SEOUL – The Busan High Court ordered Mitsubishi Heavy Industries Ltd. on Tuesday to pay 80 million won (about ¥7 million) each in compensation to the families of five deceased Koreans who were forced to work for the company during Japan’s colonial rule of the Korean Peninsula.
It was the second decision by a South Korean court in three weeks ordering private Japanese companies to pay compensation to South Koreans for conscript labor during World War II. On July 10, the Seoul High Court ordered Nippon Steel & Sumitomo Metal Corp. to pay 400 million won to four Koreans who were conscripted to work for Japan Iron & Steel Co.
Japan Iron & Steel was later renamed Nippon Steel Corp., a predecessor company to Nippon Steel & Sumitomo Metal.

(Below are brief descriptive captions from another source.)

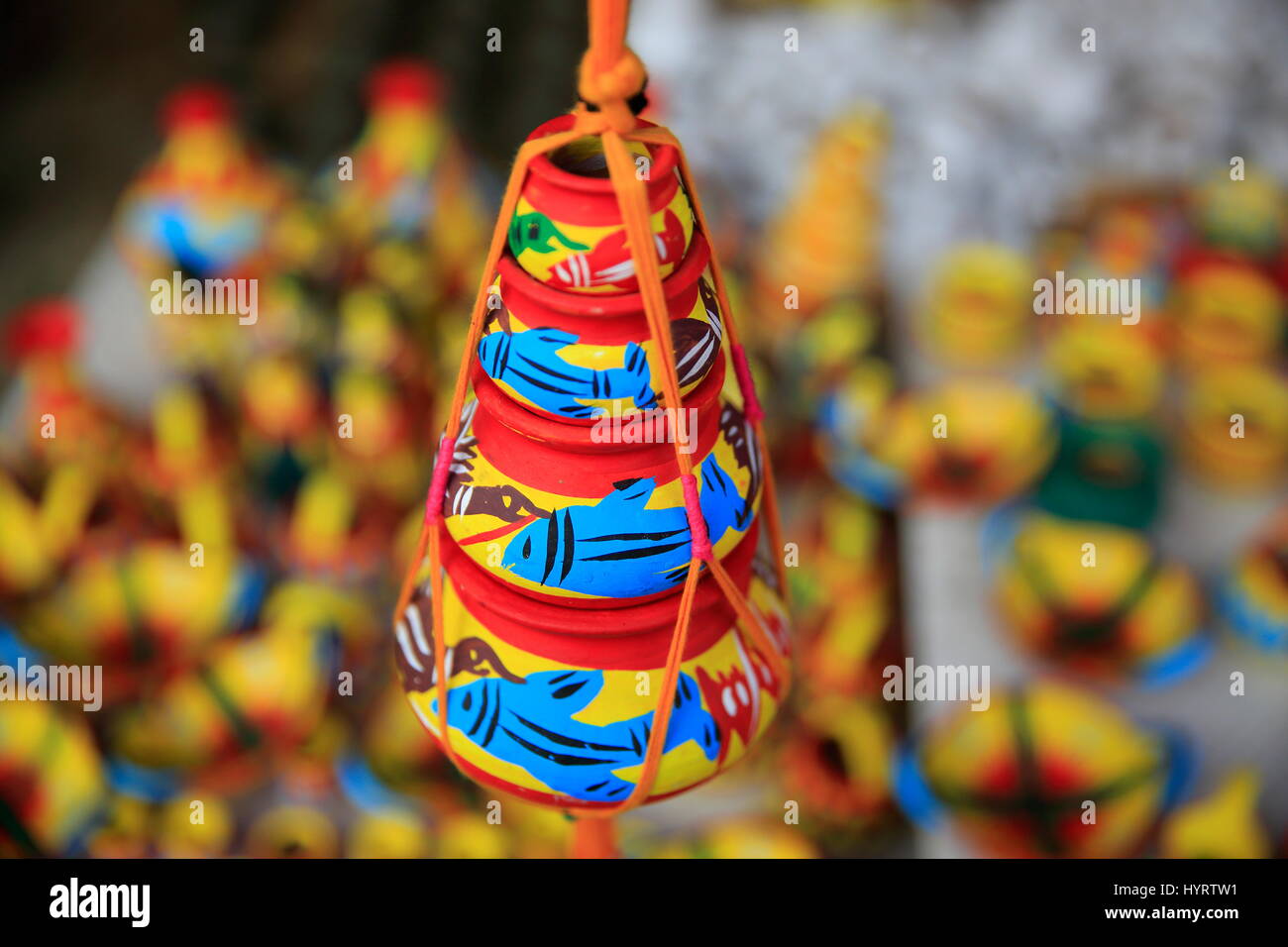 Des pots en argile colorée localement appelé Shokher Hari affichage à l'karushilpo « Lok o Mela' à Sonargaon, Bangladesh, Narayanganj. Banque D'Images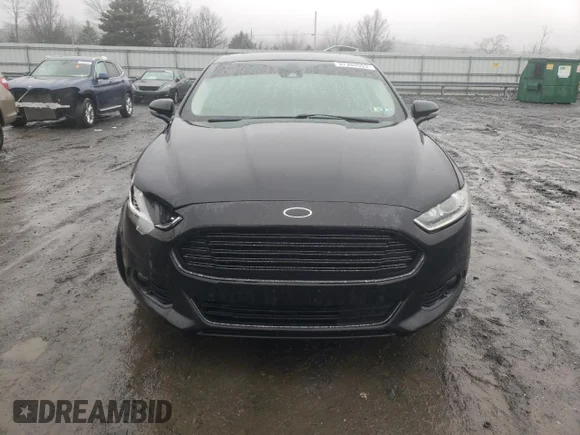 ✅ 2015 Ford Fusion Titanium • VIN: 3FA6P0D96FR134279 • Лот: 37394553. Опубліковано раніше на Copart з пробігом 121 711 миль. Безкоштовний доступ до архіву аукціонних продажів зі США та докладний звіт про історію автомобіля на DreamBid. Зображення 5.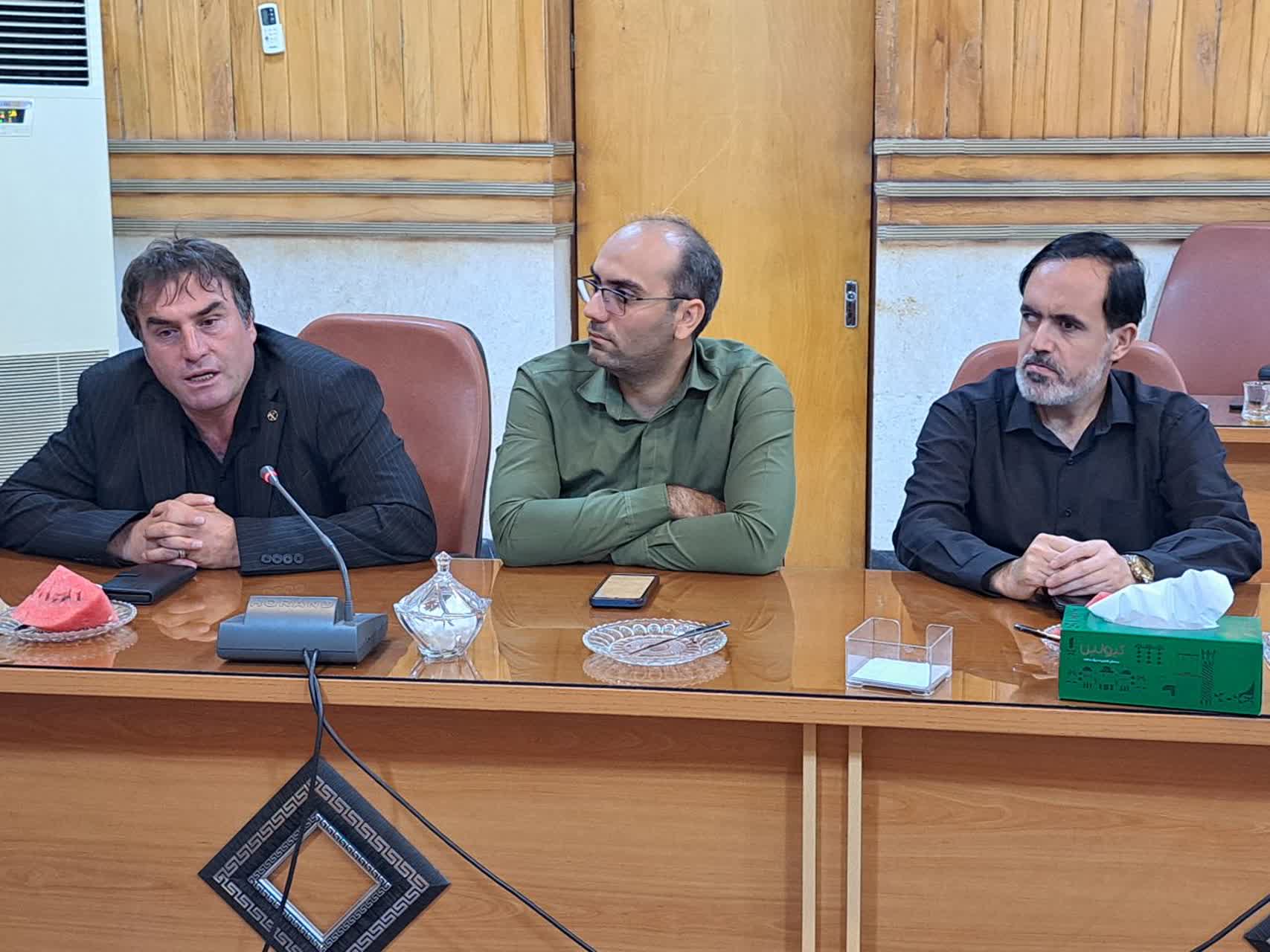 نشست فرماندار پلدشت با فعالین و اصحاب رسانه شهرستان+تصاویر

In a statement released in Japan, Mitsubishi called the Busan appellate court’s ruling “unjust,” saying the rights of South Koreans to seek compensation for conscript labor have been settled through formal agreements between the Japanese and South Korean governments.
The company said it will file an appeal with the South Korean Supreme Court.
Chief Cabinet Secretary Yoshihide Suga reiterated on Tuesday that the wartime compensation issue was already resolved with a 1965 treaty that normalized diplomatic ties between South Korea and Japan.
In a landmark decision in May 2012 that reversed previous lower court decisions, the South Korean Supreme Court ruled that the right of former forced workers and their families to seek withheld wages and compensation was not invalidated by the 1965 treaty.
The Supreme Court ordered the retrials of two cases involving Koreans forcibly taken to Japan to work in Japanese factories.
The five Koreans involved in the Busan trial claim they were conscripted in 1944 and 1945 to work in Hiroshima at a Mitsubishi machine-making factory and a Mitsubishi shipyard.
They took their case to the Busan District Court in 2000. The lawsuits were taken over by their families after they died.